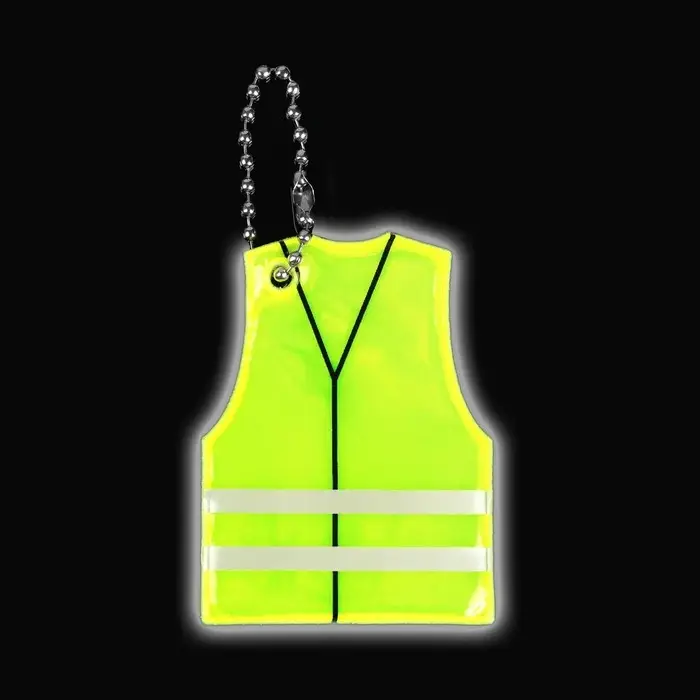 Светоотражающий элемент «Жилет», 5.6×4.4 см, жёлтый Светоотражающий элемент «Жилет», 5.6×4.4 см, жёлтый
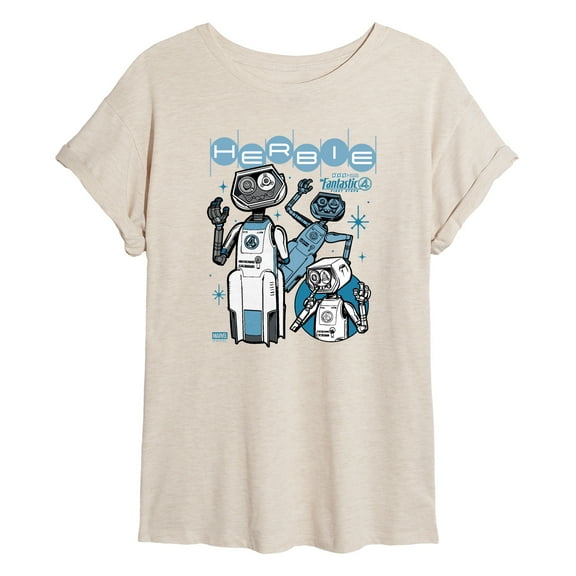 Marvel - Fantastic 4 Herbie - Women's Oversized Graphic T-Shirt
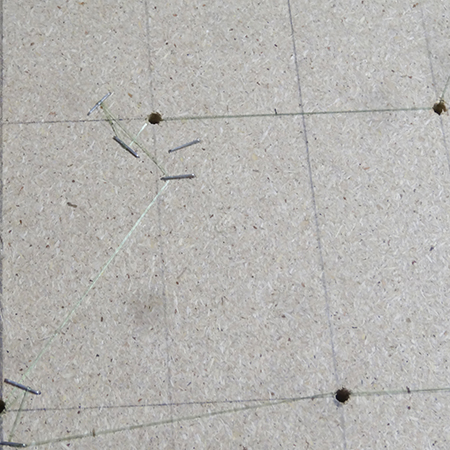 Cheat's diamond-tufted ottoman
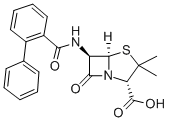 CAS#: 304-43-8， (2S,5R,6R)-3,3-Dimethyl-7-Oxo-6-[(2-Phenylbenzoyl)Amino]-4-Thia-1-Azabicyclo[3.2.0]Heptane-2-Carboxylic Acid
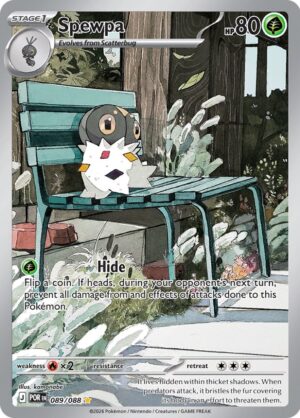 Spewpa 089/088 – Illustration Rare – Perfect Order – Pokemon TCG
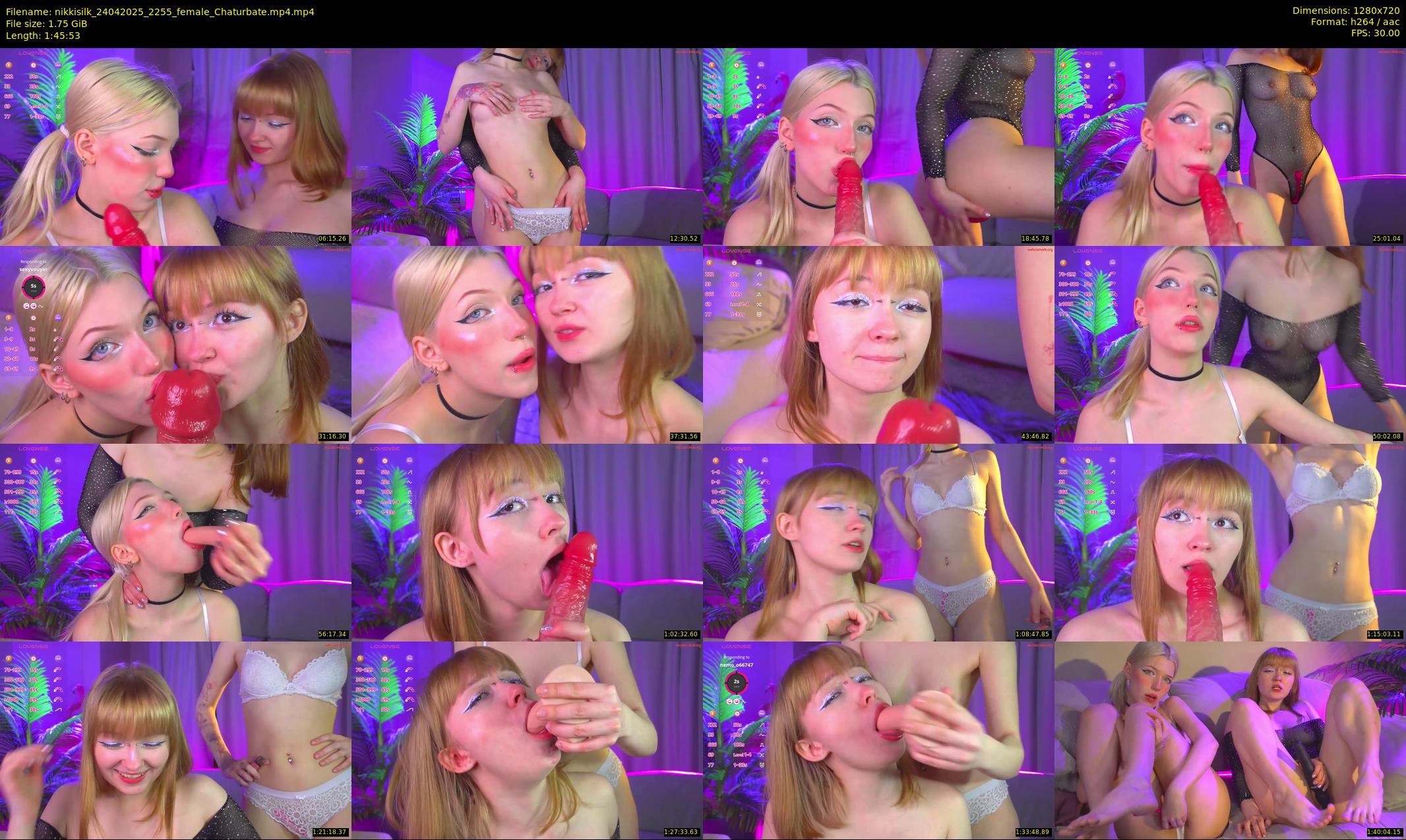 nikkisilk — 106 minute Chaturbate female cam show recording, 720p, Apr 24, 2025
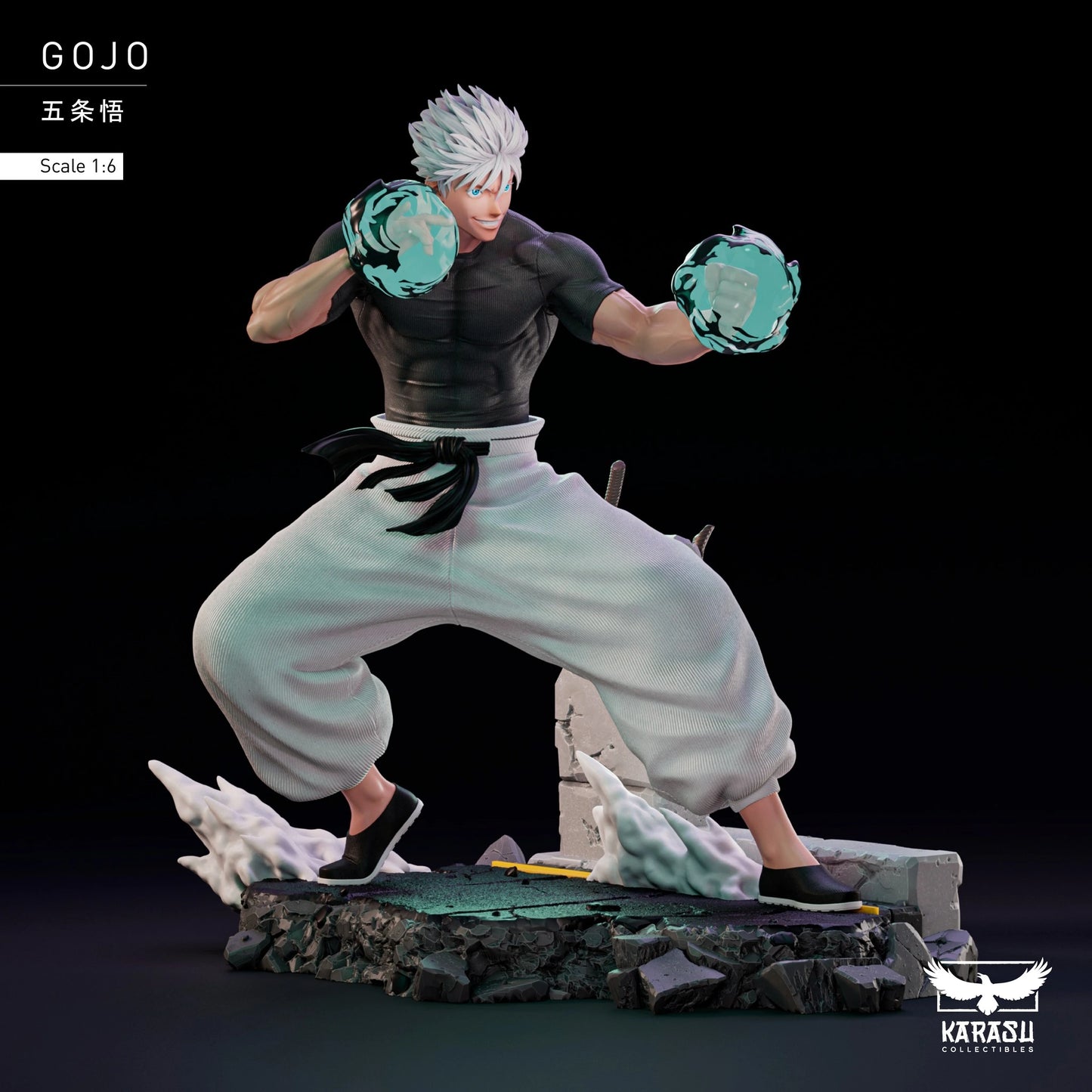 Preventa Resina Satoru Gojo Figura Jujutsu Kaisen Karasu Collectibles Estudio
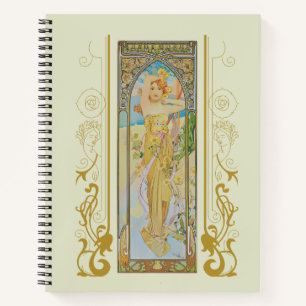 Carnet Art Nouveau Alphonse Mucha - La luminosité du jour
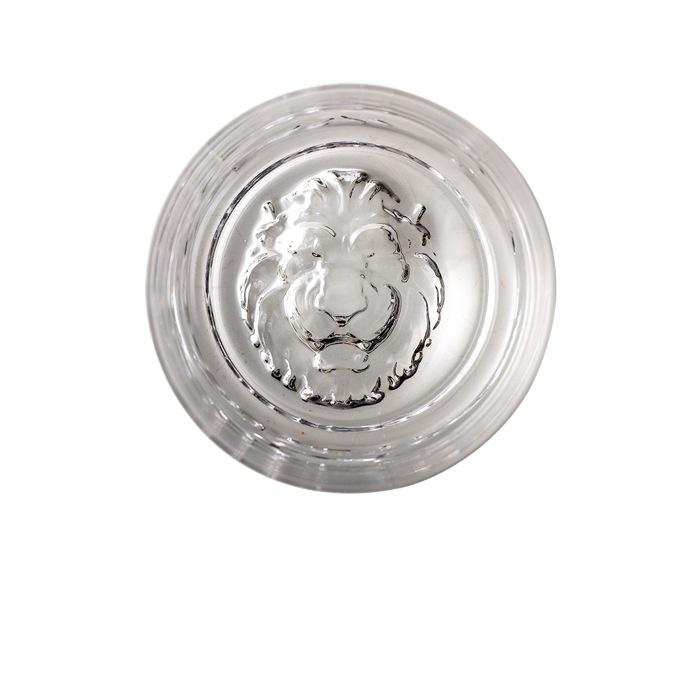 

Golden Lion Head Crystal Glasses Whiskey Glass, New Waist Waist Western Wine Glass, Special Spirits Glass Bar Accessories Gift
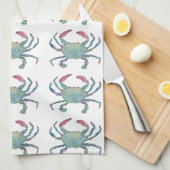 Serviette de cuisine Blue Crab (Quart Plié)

• **TASK DIRECTIONS**
Output every line of the records above unchanged, and keep the pictures out.

• **SOLUTION FOR THIS PROBLEM**
 Светоотражающий элемент «Жилет», 5.6×4.4 см, жёлтый Светоотражающий элемент «Жилет», 5.6×4.4 см, жёлтый
 Marvel - Fantastic 4 Herbie - Women's Oversized Graphic T-Shirt
 Cheat's diamond-tufted ottoman
 CAS#: 304-43-8， (2S,5R,6R)-3,3-Dimethyl-7-Oxo-6-[(2-Phenylbenzoyl)Amino]-4-Thia-1-Azabicyclo[3.2.0]Heptane-2-Carboxylic Acid
 Spewpa 089/088 – Illustration Rare – Perfect Order – Pokemon TCG
 nikkisilk — 106 minute Chaturbate female cam show recording, 720p, Apr 24, 2025
 Preventa Resina Satoru Gojo Figura Jujutsu Kaisen Karasu Collectibles Estudio
 Carnet Art Nouveau Alphonse Mucha - La luminosité du jour

Golden Lion Head Crystal Glasses Whiskey Glass, New Waist Waist Western Wine Glass, Special Spirits Glass Bar Accessories Gift
 Serviette de cuisine Blue Crab (Quart Plié)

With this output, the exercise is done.